I don’t really know how to approach the problem. Are dict intrinsically slow, and I should use another data structure ? Or is there maybe some implementation issues on my end ? Some workaround ?

Thanks for your help

Welcome! A few more details are needed here: what are the type parameters of your dict? Is it a Dict{Any,Any} or a Dict{YourCustomImmutableStruct, #= something =#}? Have you customized hashing for your immutable struct? What are its fields?

1 Like

Thanks for your reply, it is a Dict{order, Array{route,1}}, with order and routes being immutable struct. The dict is created with empty arrays, that are filled during run time. The order objects have two fields: an id, and an array (less than 10 elements) of other simple immutable struct.

I don’t understand the part about customized hashing, so I guess not.

Are order and route concrete types, i.e. isconcretetype(order)==true? If not that might be part of the problem.

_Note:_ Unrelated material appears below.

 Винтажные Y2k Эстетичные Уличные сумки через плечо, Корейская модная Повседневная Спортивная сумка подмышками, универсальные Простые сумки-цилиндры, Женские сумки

Concerning the hashing, see Collections and Data Structures · The Julia Language and

help?> hash
search: hash hasmethod haskey hasfield hasproperty skipchars Threads MathConstants searchsortedlast

  hash(x[, h::UInt])

  Compute an integer hash code such that isequal(x,y) implies hash(x)==hash(y). The optional second argument h is a hash code to be mixed with the result.

  New types should implement the 2-argument form, typically by calling the 2-argument hash method recursively in order to mix hashes of the contents with each other (and with h). Typically,
  any type that implements hash should also implement its own == (hence isequal) to guarantee the property mentioned above. Types supporting subtraction (operator -) should also implement
  widen, which is required to hash values inside heterogeneous arrays.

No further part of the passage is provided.